### AVAILABLE DATA

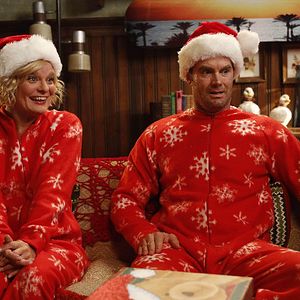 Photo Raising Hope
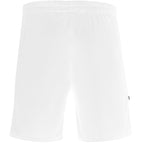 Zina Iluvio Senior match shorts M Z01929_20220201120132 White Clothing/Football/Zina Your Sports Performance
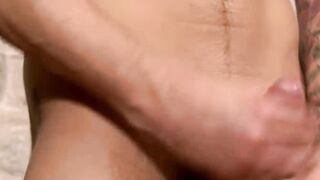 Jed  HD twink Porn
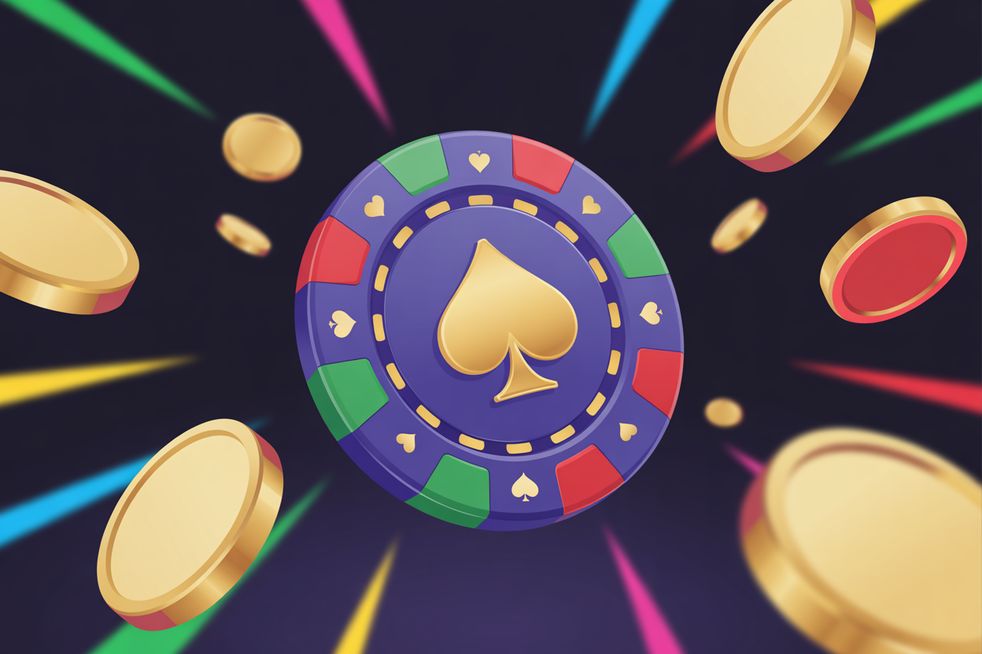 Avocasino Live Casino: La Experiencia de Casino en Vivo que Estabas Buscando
* * *
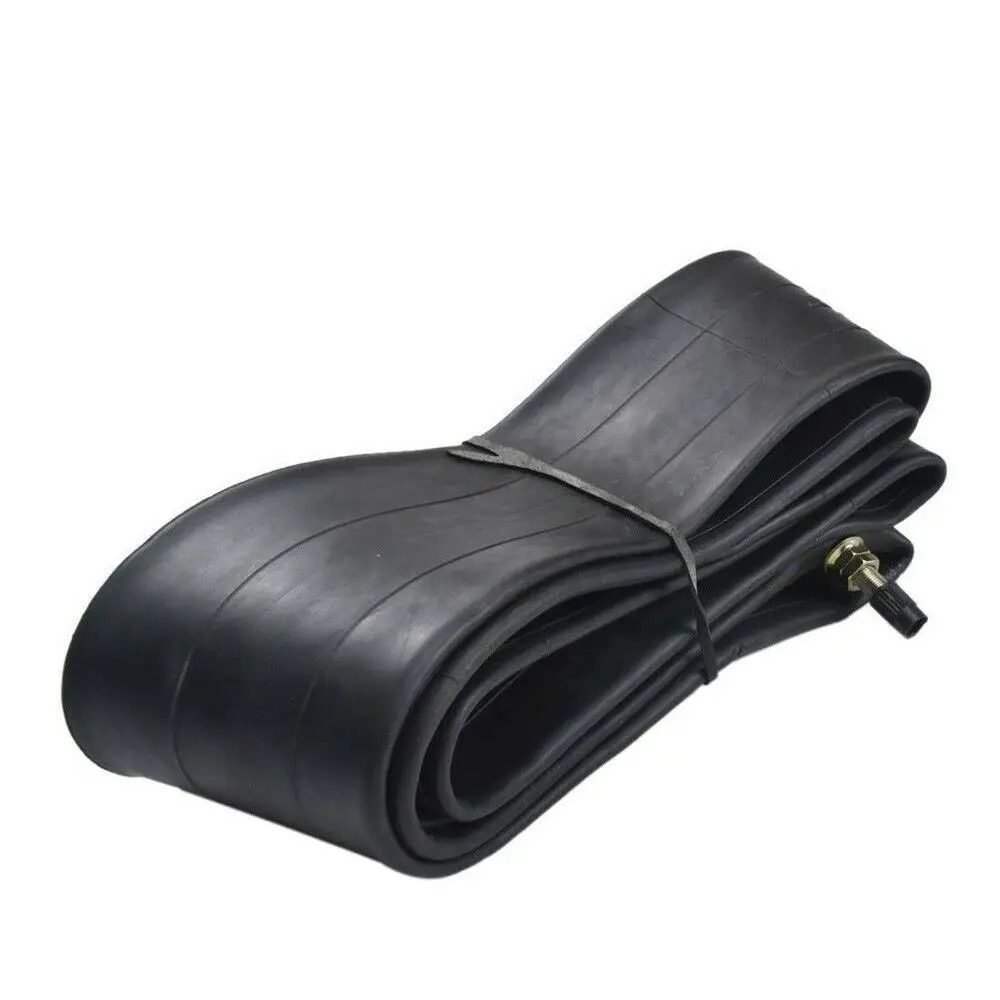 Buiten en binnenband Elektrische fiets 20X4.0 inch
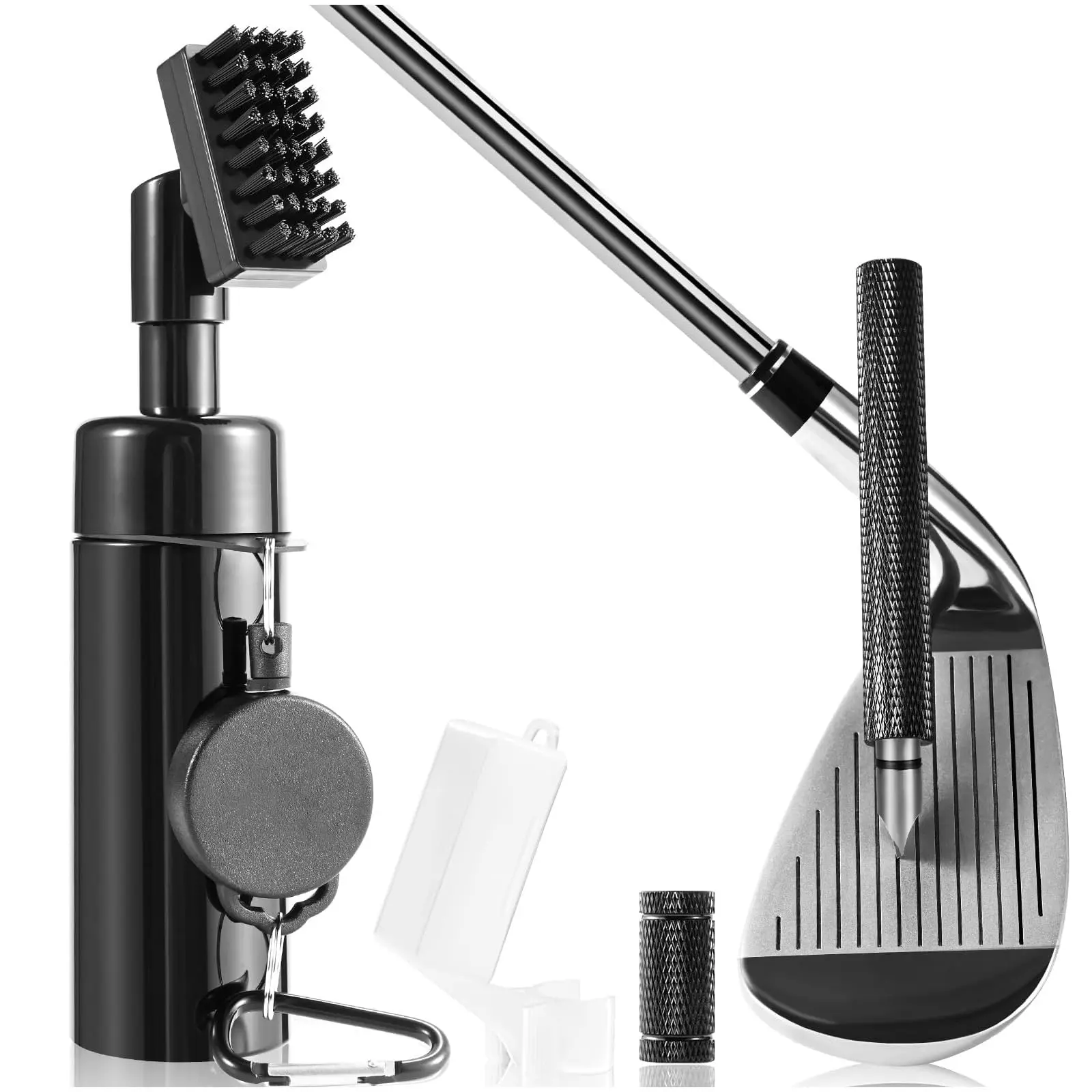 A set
* * *
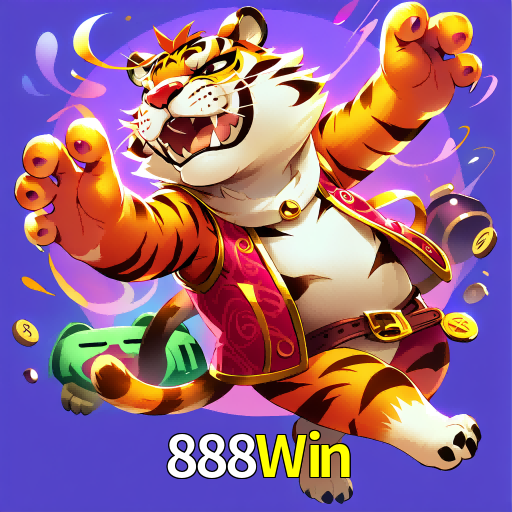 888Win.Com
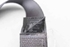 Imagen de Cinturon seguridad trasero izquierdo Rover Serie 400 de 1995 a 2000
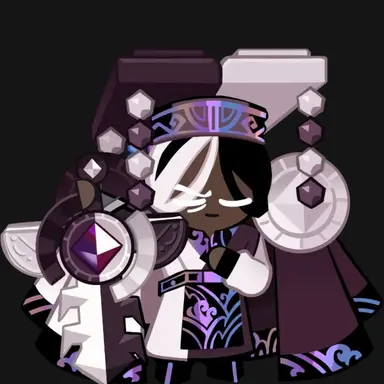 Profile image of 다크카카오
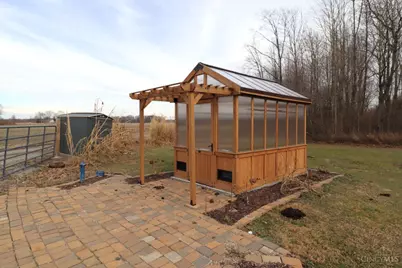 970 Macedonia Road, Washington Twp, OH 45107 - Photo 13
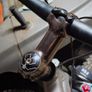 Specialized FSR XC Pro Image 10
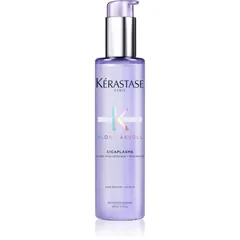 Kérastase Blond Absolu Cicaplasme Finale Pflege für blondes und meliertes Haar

### PROBLEM STATEMENT
Look back at the data above, then output exactly the lines from the line holding "Photo Raising Hope" up to and including the line holding "Avocasino Live Casino: La". Leave out the pictures.

### RESULT BELOW
 Photo Raising Hope
 Zina Iluvio Senior match shorts M Z01929_20220201120132 White Clothing/Football/Zina Your Sports Performance
 Jed  HD twink Porn
 Avocasino Live Casino: La Experiencia de Casino en Vivo que Estabas Buscando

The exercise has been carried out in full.